Yes, try water dropping the boolits and letting them age.
It also depends on your powder and lube. You never said what you are using.

mpmarty
11-01-2009, 04:51 PM
50/50 WW and pure is a far cry from #2 which is 90/5/5 lead tin antimony. By using the 50/50 you wound up with about 97.75 lead .25 tin and 2% antimony. As you can see fifty fifty is a poor substitute for #2 although many seem to like it.

kelbro
11-01-2009, 05:35 PM
Yes, try water dropping the boolits and letting them age.
It also depends on your powder and lube. You never said what you are using.

Might do that. Tried WD on a batch a few months ago but never shot them. Using 429421 bullet over 20 gr of 2400 and Lee Alox cut 50/50 with mineral spirits. These bullets were aged about 4 weeks. Hundreds of bullets into the berm with this combo without a streak.


50/50 WW and pure is a far cry from #2 which is 90/5/5 lead tin antimony. By using the 50/50 you wound up with about 97.75 lead .25 tin and 2% antimony. As you can see fifty fifty is a poor substitute for #2 although many seem to like it.

So maybe I need to add some tin?? Get it up to 2% tin and 2% Antimony?

I think that I would rather do that than WD. I might consider oven heat-treating.
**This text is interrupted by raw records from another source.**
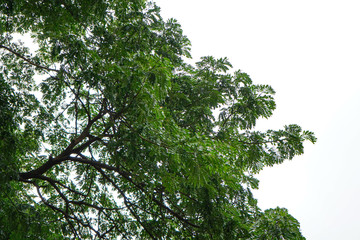 Tree background with blue sky, tree at park.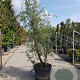 Quercus suber 300-350 cm cont. 150L meerstammig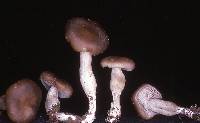 Entoloma acutipes image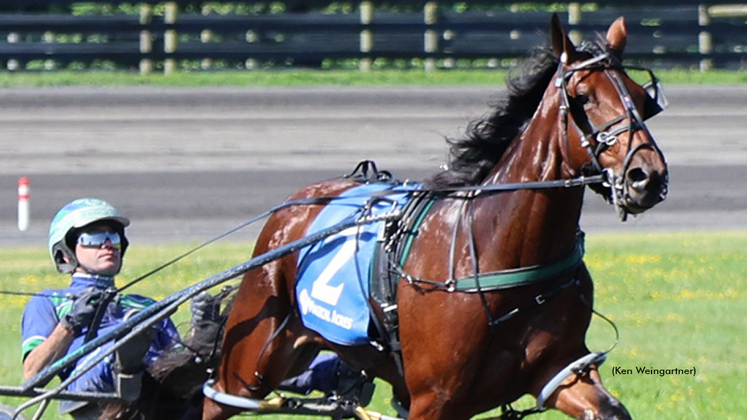 Caviart Amore Mio qualifying at Magical Acres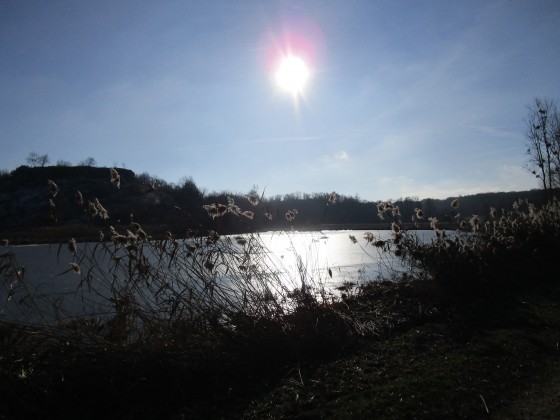 Etang de Bas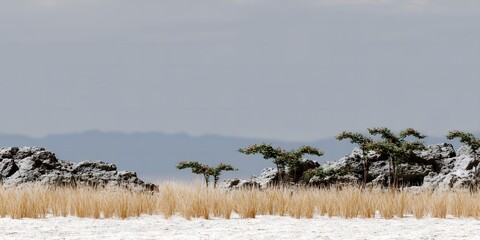 A serene desert landscape with trees and rocks on a sandy terrain under a gray sky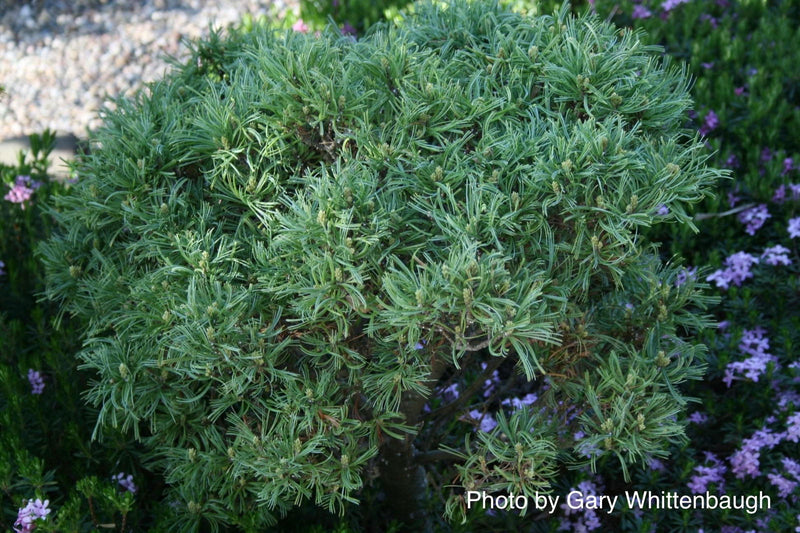 - Pinus strobus 'Mini Twists' Dwarf White Pine - Mr Maple │ Buy Japanese Maple Trees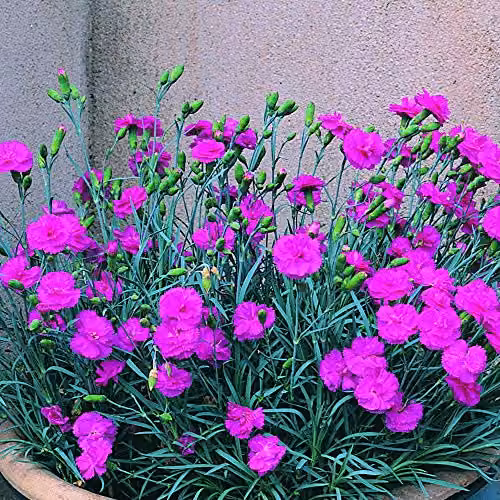 Thompson and Morgan Dianthus Tickled Pink Carnation, Hardy Pink Perennial with Ruffled Flowers, 1.5 Litre Pot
I like consistency.

AZ-Stew
11-01-2009, 08:23 PM
Oven heat treating can be done with a cheap, yard sale toaster oven. See: http://castboolits.gunloads.com/showthread.php?t=42870&highlight=toaster+oven . Keep it out of Mama's oven. Get your own.
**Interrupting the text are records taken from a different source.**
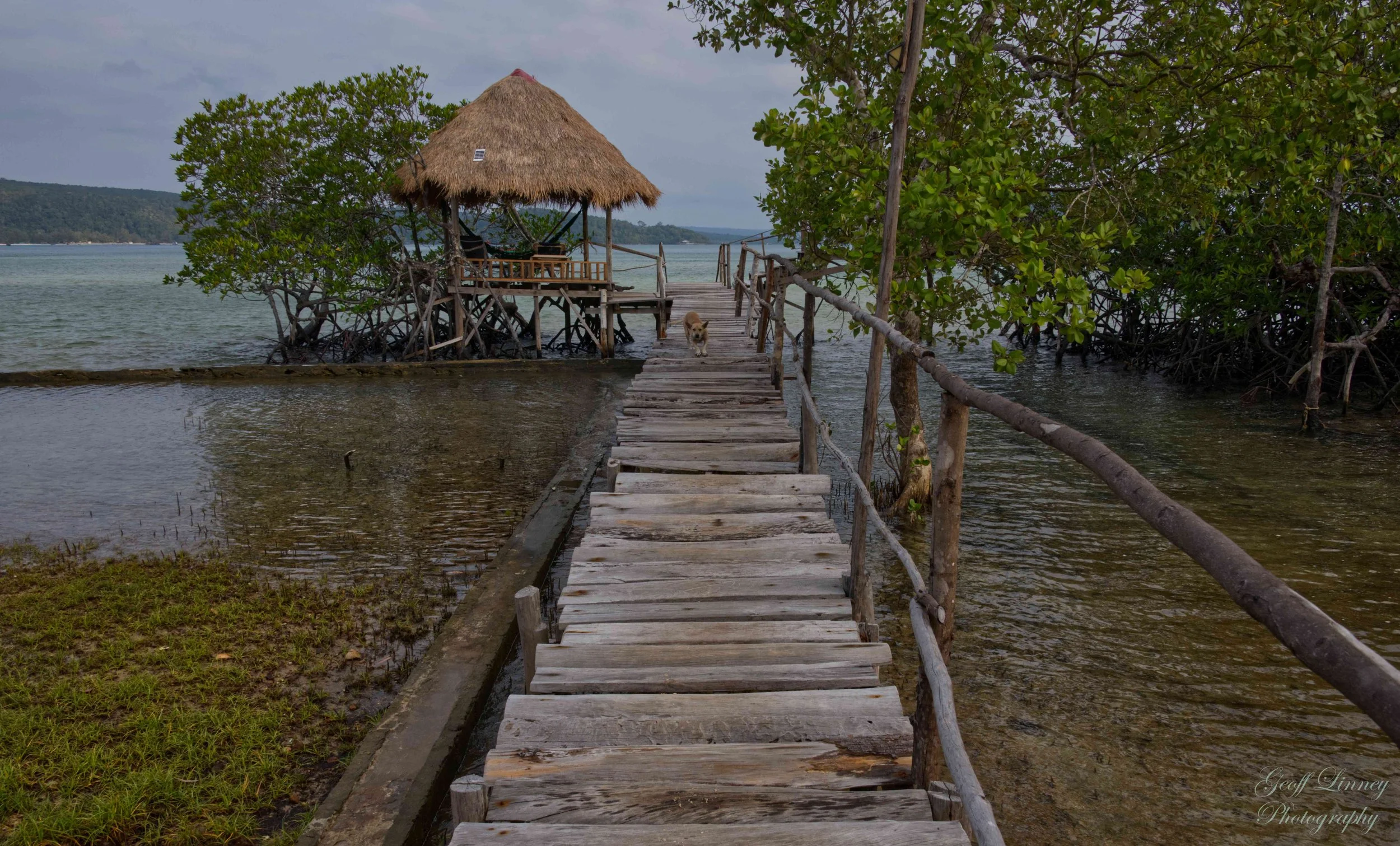 Mangrove Beach pier
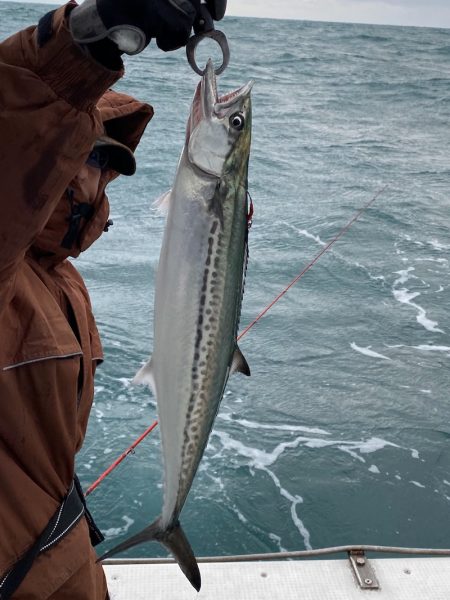 あみや渡船 JIGBOY 釣果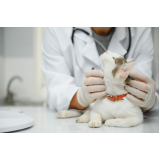 clínica especialista em patologia veterinária diagnóstica Guariba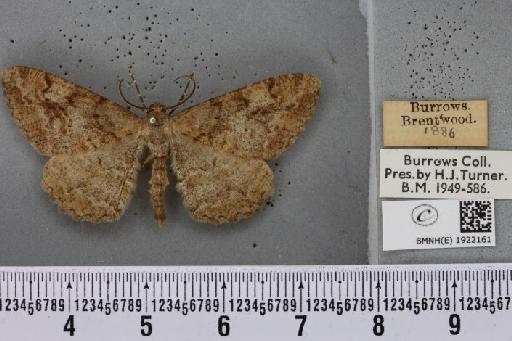 Alcis repandata repandata (Linnaeus, 1758) - BMNHE_1922161_477396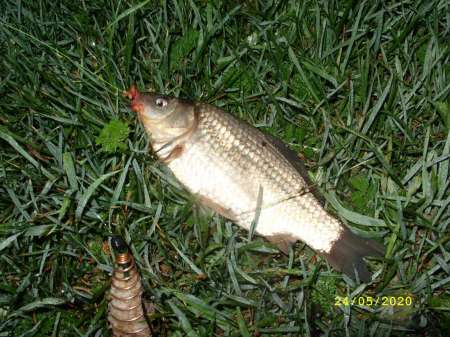 Выезд за карасём на пруд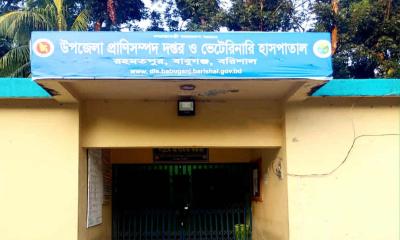 ভুল চিকিৎসায় গর্ভবতী গাভীর মৃত্যুর অভিযোগে তোলপাড়: সত্যতা পায়নি তদন্ত কমিটি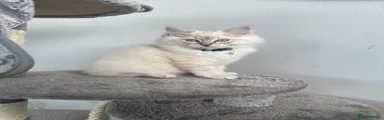 Ragdoll Kitten 1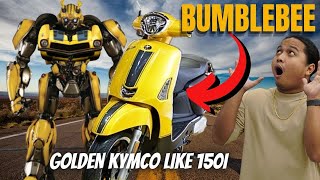 Bumblebee at First Glance Golden Classic Scoot Like 150i [upl. by Rehtul997]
You don't need, and probably can't get, as hard a boolit as I did by heat treating 50-50 Pb/WW, but you'll harden it some.

I'd also opt for more lube. That thin coat of thinned-out Alox you're using isn't much of a lube, in my opinion.

Regards,

Stew

mpmarty
11-01-2009, 09:00 PM
Kelbro adding more tin probably won't help. Antimony is what lets a boolit harden when water dropped or heat treated. If the mold is filling out and looks good you've got enough tin although .25 is about one eighth of what I like. Linotype is high in antimony at eleven percent and only three percent tin. The tin is there to help flow in the mold. The antimony is there to harden the cast.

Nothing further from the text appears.